Roper St. Francis Hospital in Charleston has taken those additional steps, spokesman Andy Lyons said.
“The volume has picked up, because we made the decision to treat our personal protective equipment as medical infectious waste,” he said.
Instead of three removal runs a week, Roper is up to five. The Medical University of South Carolina is also treating all of its COVID-19 related trash as medical infectious waste, going beyond the CDC's advice.
Within the medical waste disposal field, Stericycle is a household name. The firm handles many of South Carolina’s largest providers, including Prisma Health and MUSC regional sites.
Selin Hoboy, vice president of government affairs and compliance for the Illinois-based company, said in a March call with investors that coronavirus poses unique challenges.
"Having been in the medical waste field for over 20 years and having experienced managing the situation during Ebola in 2014, I've never seen anything to this magnitude," she said.
That Ebola outbreak gave the medical waste disposal industry a glimpse of what could happen should a pandemic spread across the country. A deadly virus that affects blood clotting, Ebola originated in the West African nation of Guinea, ultimately killing 11,325 people between 2014 and 2016 with a mortality rate of more than 50 percent.
Ebola was a bloodier and messier disease. Standards called for special handling of the trash the epidemic created.
In this year's coronavirus pandemic, protective equipment and other kinds of solid waste comprise much of the uptick in demand that Stericycle has been seeing, but handling that refuse doesn't require extraordinary care.
Although the discarded gloves, gowns, face shields and other personal protective equipment that has become a familiar sight can be eliminated through the traditional refuse stream, many providers are taking extra steps to treat COVID-19-tainted materials as medical waste.
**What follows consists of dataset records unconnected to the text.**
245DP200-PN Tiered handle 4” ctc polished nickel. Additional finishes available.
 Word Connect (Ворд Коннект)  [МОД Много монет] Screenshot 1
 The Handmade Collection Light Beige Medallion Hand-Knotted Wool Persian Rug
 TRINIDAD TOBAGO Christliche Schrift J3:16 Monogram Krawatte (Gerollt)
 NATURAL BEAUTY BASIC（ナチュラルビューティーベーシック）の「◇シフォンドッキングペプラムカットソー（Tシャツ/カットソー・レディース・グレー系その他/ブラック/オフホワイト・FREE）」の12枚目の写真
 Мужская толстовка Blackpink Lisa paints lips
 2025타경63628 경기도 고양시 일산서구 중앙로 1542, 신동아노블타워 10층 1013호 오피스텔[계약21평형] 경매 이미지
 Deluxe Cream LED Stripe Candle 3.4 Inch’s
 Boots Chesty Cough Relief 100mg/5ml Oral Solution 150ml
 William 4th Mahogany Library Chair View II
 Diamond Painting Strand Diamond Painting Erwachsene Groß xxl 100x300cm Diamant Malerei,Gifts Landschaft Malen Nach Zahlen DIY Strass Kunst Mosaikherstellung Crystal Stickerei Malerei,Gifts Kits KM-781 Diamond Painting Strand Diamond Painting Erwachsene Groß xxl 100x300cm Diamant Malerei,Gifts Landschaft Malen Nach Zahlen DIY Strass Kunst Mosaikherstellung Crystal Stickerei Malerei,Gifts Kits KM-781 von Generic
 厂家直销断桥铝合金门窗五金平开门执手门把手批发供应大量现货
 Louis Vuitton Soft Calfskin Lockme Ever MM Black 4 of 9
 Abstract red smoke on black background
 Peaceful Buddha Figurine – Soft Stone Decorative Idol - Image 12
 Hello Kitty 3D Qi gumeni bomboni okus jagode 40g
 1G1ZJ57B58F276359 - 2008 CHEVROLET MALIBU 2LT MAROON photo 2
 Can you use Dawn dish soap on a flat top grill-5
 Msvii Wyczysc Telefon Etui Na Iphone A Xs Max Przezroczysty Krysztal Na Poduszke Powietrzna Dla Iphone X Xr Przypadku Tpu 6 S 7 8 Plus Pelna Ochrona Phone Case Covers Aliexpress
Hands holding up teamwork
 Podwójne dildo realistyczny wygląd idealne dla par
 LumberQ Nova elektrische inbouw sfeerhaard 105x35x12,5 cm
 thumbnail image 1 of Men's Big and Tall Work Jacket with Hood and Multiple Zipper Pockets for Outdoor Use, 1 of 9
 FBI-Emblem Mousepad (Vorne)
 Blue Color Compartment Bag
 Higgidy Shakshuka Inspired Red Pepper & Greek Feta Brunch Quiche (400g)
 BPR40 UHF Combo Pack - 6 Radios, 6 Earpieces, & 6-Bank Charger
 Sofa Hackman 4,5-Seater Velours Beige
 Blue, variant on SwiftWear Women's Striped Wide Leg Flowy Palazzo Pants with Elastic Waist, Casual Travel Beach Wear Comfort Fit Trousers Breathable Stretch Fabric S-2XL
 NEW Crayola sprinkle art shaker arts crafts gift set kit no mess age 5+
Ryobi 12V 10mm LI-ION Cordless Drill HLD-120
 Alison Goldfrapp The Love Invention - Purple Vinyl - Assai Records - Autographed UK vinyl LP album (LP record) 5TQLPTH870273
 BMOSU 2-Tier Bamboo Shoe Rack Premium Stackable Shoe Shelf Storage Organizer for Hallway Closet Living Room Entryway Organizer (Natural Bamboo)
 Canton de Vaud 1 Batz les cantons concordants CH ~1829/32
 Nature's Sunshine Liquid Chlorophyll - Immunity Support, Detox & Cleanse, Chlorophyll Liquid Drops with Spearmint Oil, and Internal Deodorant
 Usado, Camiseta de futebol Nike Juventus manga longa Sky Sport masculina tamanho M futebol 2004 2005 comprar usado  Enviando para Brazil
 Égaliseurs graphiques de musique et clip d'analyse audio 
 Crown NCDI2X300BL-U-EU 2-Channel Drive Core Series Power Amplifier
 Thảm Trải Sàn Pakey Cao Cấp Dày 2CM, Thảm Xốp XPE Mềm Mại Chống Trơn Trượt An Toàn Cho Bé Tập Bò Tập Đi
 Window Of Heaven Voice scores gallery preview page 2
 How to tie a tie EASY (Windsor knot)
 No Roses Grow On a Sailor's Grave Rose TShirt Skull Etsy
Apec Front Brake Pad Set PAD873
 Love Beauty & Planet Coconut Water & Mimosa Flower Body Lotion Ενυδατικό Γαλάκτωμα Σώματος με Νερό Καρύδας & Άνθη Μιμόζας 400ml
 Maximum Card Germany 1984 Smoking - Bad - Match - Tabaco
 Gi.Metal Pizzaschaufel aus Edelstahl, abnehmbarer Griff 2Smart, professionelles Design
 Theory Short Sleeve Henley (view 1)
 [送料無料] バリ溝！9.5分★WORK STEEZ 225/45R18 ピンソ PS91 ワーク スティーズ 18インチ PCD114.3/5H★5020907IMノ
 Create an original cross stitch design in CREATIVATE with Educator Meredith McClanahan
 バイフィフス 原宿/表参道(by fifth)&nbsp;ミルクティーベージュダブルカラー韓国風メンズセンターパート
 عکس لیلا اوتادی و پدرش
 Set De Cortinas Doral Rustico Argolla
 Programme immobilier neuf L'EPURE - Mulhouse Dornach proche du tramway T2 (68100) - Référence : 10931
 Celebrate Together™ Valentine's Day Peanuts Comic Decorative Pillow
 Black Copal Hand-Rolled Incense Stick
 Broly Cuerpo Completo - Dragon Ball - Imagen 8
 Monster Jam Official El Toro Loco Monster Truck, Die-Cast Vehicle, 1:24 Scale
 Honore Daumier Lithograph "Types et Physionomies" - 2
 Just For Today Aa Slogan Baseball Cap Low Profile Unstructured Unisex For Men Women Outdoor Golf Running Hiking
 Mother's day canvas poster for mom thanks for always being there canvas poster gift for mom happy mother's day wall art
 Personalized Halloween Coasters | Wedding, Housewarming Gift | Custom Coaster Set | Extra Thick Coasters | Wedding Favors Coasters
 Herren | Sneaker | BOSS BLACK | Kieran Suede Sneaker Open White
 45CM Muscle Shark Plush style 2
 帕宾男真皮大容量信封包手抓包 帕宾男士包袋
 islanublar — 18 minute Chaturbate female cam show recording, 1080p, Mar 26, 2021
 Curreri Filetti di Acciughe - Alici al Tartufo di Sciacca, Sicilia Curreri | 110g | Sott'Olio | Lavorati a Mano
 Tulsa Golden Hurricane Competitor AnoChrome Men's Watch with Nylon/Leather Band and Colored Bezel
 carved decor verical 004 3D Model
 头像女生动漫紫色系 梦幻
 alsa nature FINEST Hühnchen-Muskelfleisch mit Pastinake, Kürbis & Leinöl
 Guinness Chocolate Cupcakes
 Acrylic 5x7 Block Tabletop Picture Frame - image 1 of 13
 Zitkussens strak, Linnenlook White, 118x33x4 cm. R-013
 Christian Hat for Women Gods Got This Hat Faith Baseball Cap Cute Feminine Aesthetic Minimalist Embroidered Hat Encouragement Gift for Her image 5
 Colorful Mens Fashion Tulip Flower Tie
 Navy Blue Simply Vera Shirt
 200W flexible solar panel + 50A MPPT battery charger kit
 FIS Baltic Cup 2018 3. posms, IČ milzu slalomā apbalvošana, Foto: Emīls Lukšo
That means using specialized packaging, treatment and disposal methods.
That added care isn't impacting system capacity, however.
“While facilities have been generating more waste in terms of increased use of personal protective equipment, they have also seen a significant decrease in medical waste from the reduction in volume of routine surgeries and procedures that were suspended to increase bed availability in the state,” S.C. Hospital Association spokesman Schipp Ames said.
Like several hospitals here, Stericycle also put in place extra steps to protect its drivers and plant workers. Facilities are asked to put waste from care of COVID-19 patients in a cardboard box marked with a letter “C,” for example.
While Ebola was detected in just 11 U.S. citizens (it killed one person), Anne Germain knew there were lessons to be learned — and they’ve now been put into action as the coronavirus has changed the American landscape.
“We had kind of a dry run as an industry with Ebola. We weren’t sure how bad it was going to be, we wanted to be prepared as an industry. We wanted to make sure we were going to be able to pivot depending on what the issues were,” said Germain, vice president of technical and regulatory affairs for the National Waste and Recycling Association.
Gov. Henry McMaster on March 17 recommended a halt on elective medical procedures, which has helped free up beds and kept waste volumes down, officials said. The recommendation was reversed last month.
Germain said members of her organization began asking questions about the handling of coronavirus-related medical waste in February, including disposal of disinfectant wipes, tissues and other products.
Although more personal protective equipment is finding its way into the medical waste stream, much of it is lightweight and doesn’t threaten tonnage requirements set out by regulators, Germain said.
“It’s a volume business, because there’s only so much you can kind of fit into the incinerators,” she said.
“We have not heard of any of our members saying anything about there being capacity issues.”
Mary Katherine Wildeman contributed reporting.